Stored data entries:
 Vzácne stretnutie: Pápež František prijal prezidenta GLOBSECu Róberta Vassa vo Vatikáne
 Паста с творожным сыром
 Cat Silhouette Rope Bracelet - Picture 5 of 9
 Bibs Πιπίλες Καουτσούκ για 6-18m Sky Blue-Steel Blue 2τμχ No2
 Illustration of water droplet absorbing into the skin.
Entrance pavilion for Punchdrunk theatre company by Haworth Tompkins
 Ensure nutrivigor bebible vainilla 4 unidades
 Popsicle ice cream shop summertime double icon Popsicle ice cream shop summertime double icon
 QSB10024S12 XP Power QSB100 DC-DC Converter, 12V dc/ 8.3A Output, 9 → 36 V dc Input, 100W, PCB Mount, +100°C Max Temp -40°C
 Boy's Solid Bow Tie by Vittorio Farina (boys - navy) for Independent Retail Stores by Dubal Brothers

EXERCISE PROMPT: Write out the lines of the records exactly, starting at the one holding "Bibs Πιπίλες Καουτσούκ" and ending with the last line, and include no others.

FINISHED EXERCISE:
 Bibs Πιπίλες Καουτσούκ για 6-18m Sky Blue-Steel Blue 2τμχ No2
 Illustration of water droplet absorbing into the skin.
Entrance pavilion for Punchdrunk theatre company by Haworth Tompkins
 Ensure nutrivigor bebible vainilla 4 unidades
 Popsicle ice cream shop summertime double icon Popsicle ice cream shop summertime double icon
 QSB10024S12 XP Power QSB100 DC-DC Converter, 12V dc/ 8.3A Output, 9 → 36 V dc Input, 100W, PCB Mount, +100°C Max Temp -40°C
 Boy's Solid Bow Tie by Vittorio Farina (boys - navy) for Independent Retail Stores by Dubal Brothers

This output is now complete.